▸ INPUT FOR THIS TASK:
____

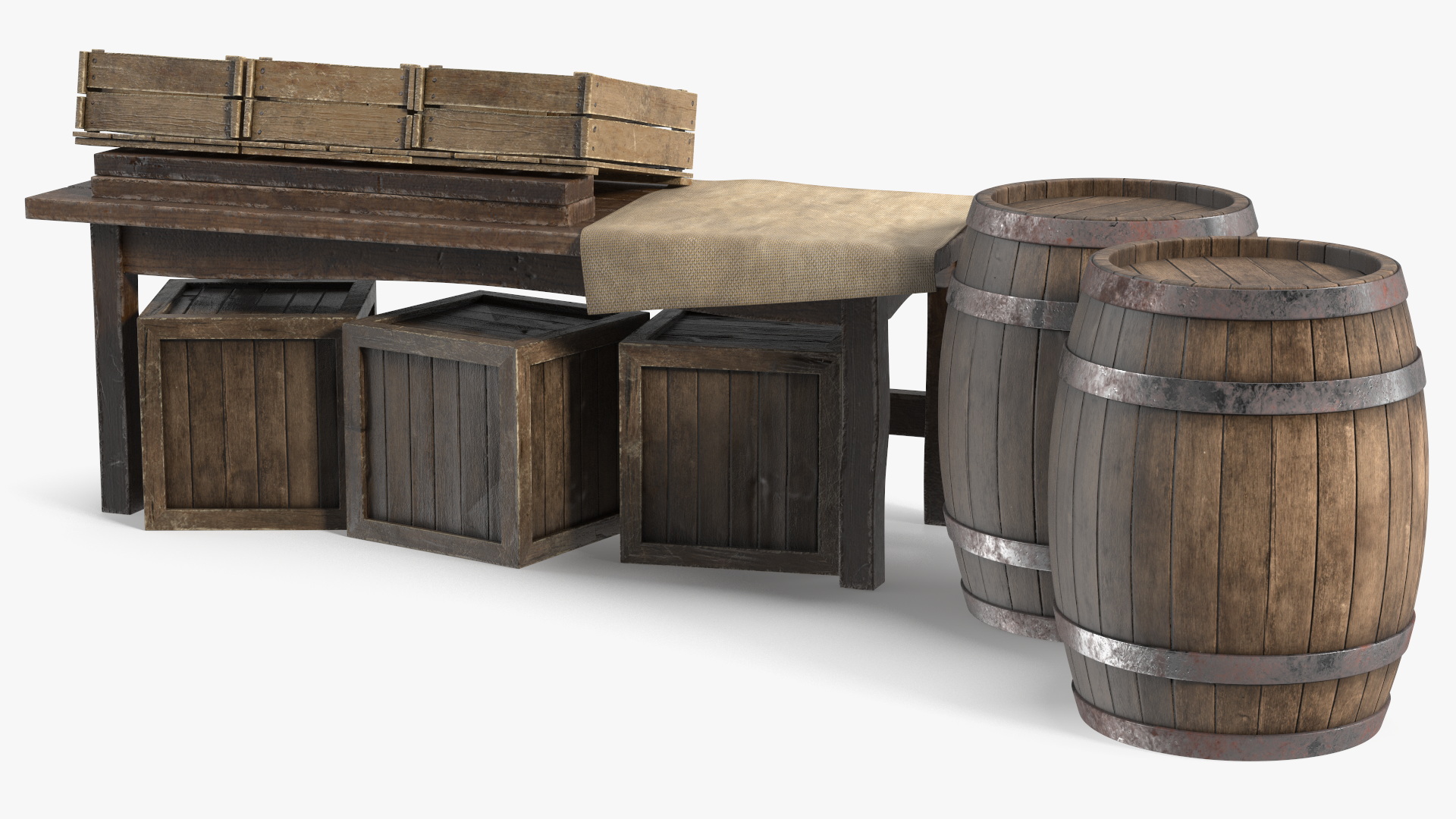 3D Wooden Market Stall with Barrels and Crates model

____

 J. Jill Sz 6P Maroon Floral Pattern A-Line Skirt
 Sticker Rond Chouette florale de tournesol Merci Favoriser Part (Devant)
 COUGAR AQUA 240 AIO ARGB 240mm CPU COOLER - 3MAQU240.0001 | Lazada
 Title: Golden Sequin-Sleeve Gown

____

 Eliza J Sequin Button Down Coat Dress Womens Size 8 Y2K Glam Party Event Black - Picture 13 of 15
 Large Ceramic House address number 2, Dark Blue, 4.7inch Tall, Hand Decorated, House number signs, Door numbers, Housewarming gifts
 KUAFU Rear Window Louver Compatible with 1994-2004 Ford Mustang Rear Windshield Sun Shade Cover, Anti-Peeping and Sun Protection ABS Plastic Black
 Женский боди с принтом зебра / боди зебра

____

▸ EXERCISE REQUIREMENTS: All lines above from the line with "Eliza J Sequin" through the line with "Женский боди с принтом зебра / боди зебра", both included, are to be set down exactly, with nothing else.

▸ YOUR RESPONSE:
 Eliza J Sequin Button Down Coat Dress Womens Size 8 Y2K Glam Party Event Black - Picture 13 of 15
 Large Ceramic House address number 2, Dark Blue, 4.7inch Tall, Hand Decorated, House number signs, Door numbers, Housewarming gifts
 KUAFU Rear Window Louver Compatible with 1994-2004 Ford Mustang Rear Windshield Sun Shade Cover, Anti-Peeping and Sun Protection ABS Plastic Black
 Женский боди с принтом зебра / боди зебра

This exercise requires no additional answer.